Dress(es)
Presumably there’s nothing wrong buying a dress. After all, it could be for any occasions and mine was perfectly understandable: I’m a performer; I love Burlesque; I have a (current) fixation on dresses. So What’s the problem? Or – shall I say – why do I have a problem with wearing dresses?
Well, I didn’t. It seemed to have happened suddenly last weekend when I decided to check a few dresses I keep seeing in that shop on Oxford Street. I was very excited with the idea of trying on these dresses, thinking there’s something to do with them. Unfortunately, my enthusiasm died as soon as I tried the first one on. I felt so awkward – just to put it mildly – to the point of freaking out!
Nearly a week has passed and I still can’t get over the fact I was denied the right to wear a dress. Who denied me that right? That’s the question I’m still trying to answer. What is certain is that feeling awkward in a dress started to make me wonder about my relation with my body but also with my masculinity: Was that the reason why I freaked out? Because I felt totally out of place, looking more manly than I actually am? Was I worried about not being in tune with my (performing) body anymore? Or was that simply the fact I went for the obvious? Choosing a dress that doesn’t give any room for ambiguity of gender or physical diversity?
What concerned me, besides the shallow fact that I truly looked awful – and perhaps more awful than any FDQ wannabe – is the social archetypes our society is still living on. Maybe shall I say: the social archetypes our (western) society is going back to? Perhaps that’s just my interpretation, amidst an uncontrollable moment of panic, but it seems that dresses are meant, and only meant, for women. And for a sole purpose of feeling sexy. Therefore, as a man wearing a dress – regardless his sexual orientation – the logic is he’s becoming womanly. What does it leave me to work with then if I only see a dress as a clothing item, dissociated from its gender connotation? What else does it say if I decide to ignore the dress’s sociological representation?

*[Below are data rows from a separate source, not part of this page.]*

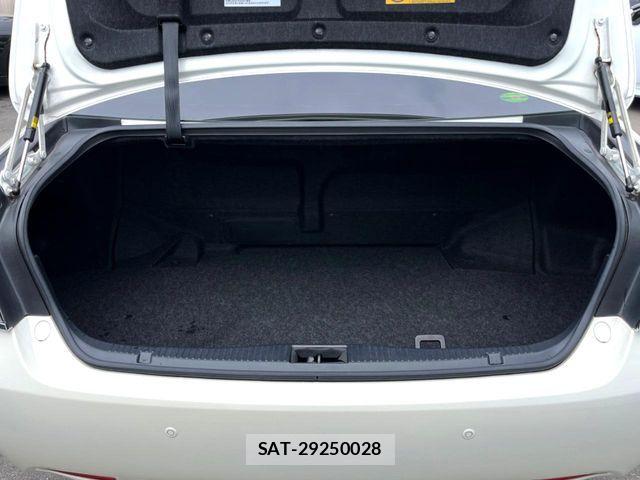 Toyota CROWN MAJESTA 2013-10 8828369-11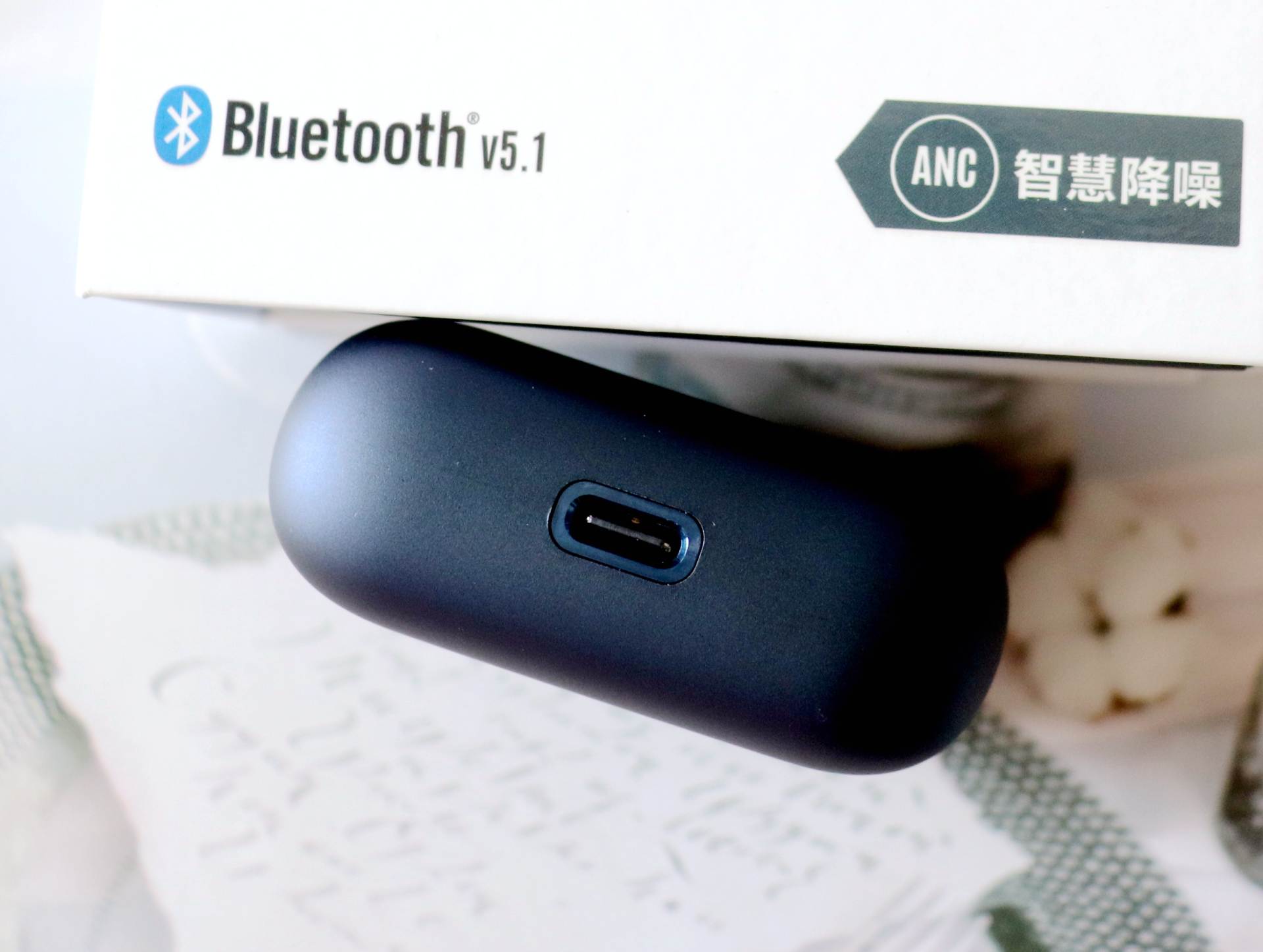 主动降噪耳机，首选双飞燕二皮B90真无线蓝牙耳机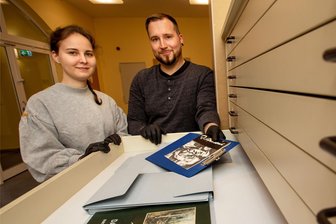 Sebastian Dressel wird neuer Chef des Plauener Vogtlandmuseums - Der bisherige Depotleiter des Vogtlandmuseums Sebastian Dressel - hier mit Theresa Lange - wird Fachdirektor.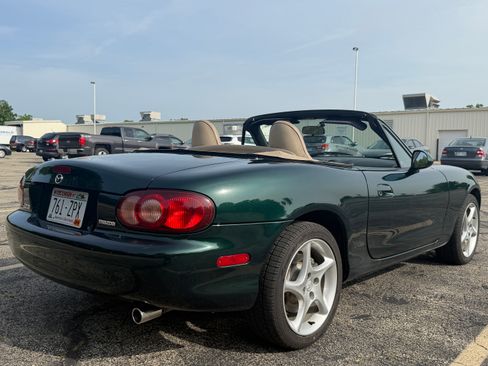Used 2003 MAZDA MX-5 Miata LS RWD image 5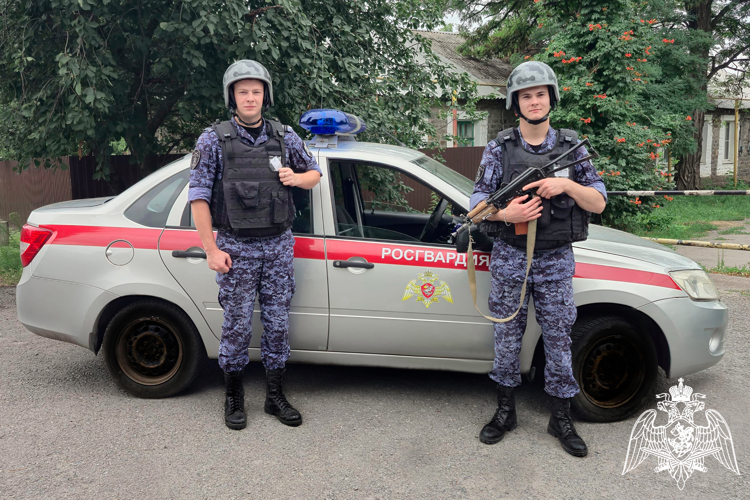В Ростовской области росгвардейцы задержали подозреваемого в нанесении ножевого ранения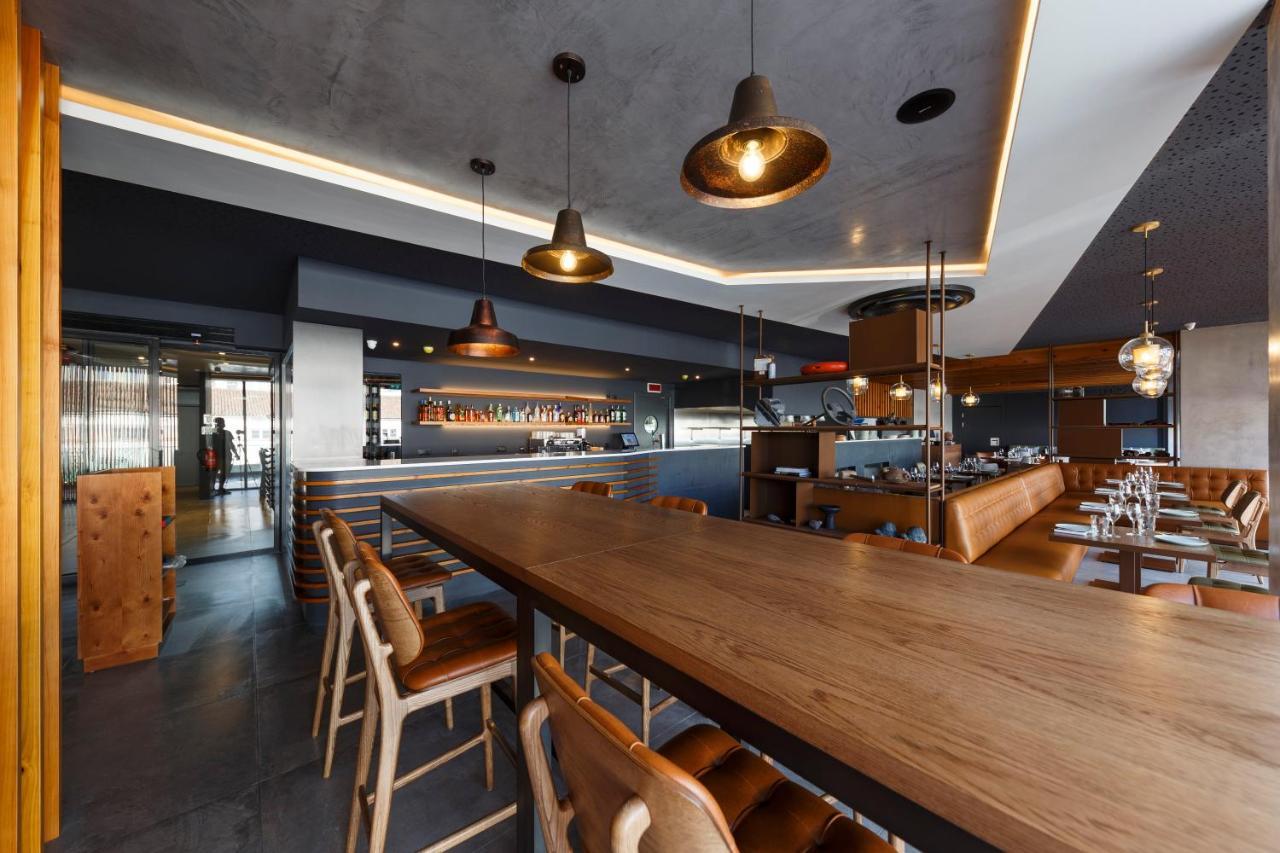 The Shipyard - Angra Aparthotel อังกรา ดู เอโรอิสโม ภายนอก รูปภาพ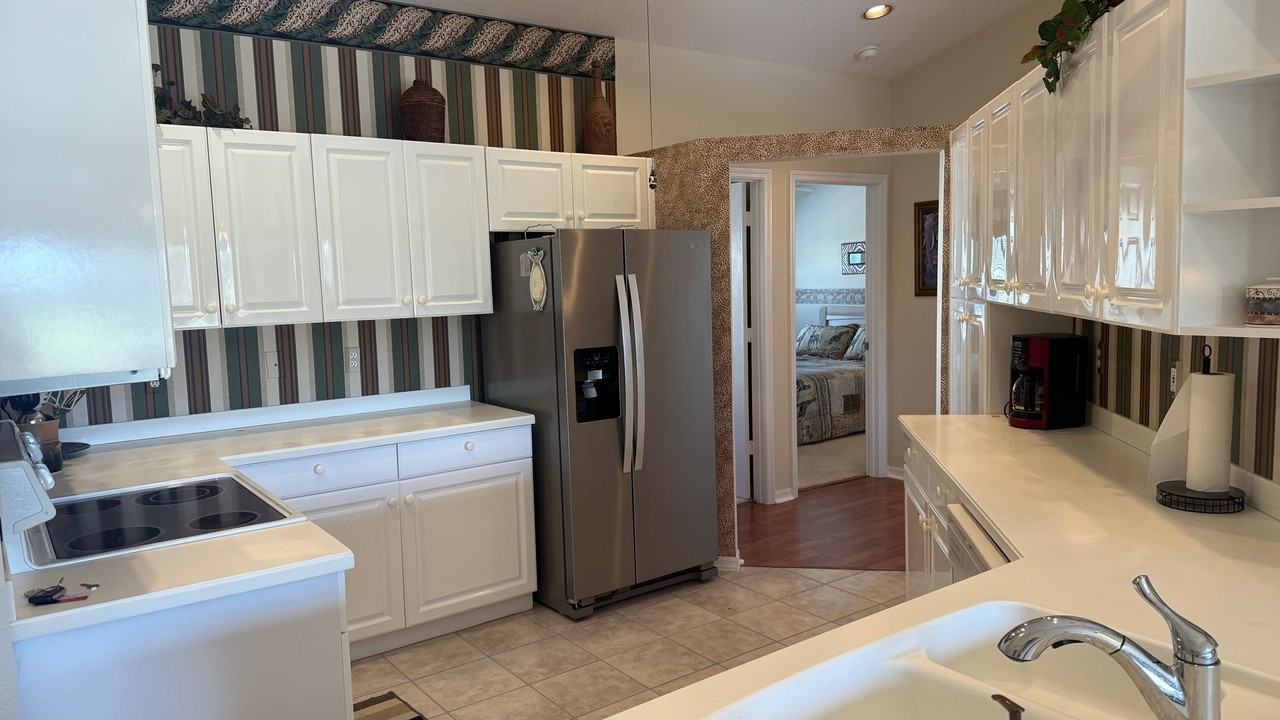 6632 Pineview Ter - Photo 4 of 27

As I keep thinking over and over about these particular dresses and how they failed to tame my masculinity, I’ve started to regret the experience. Maybe I went to the wrong place? Maybe I chose the wrong item? After all not all dresses are designed to create the obvious stereotypes you can associate to femininity. Maybe I was too presomptuous thinking I would look “cool” in a dress just because I’m interested in defying my own gender?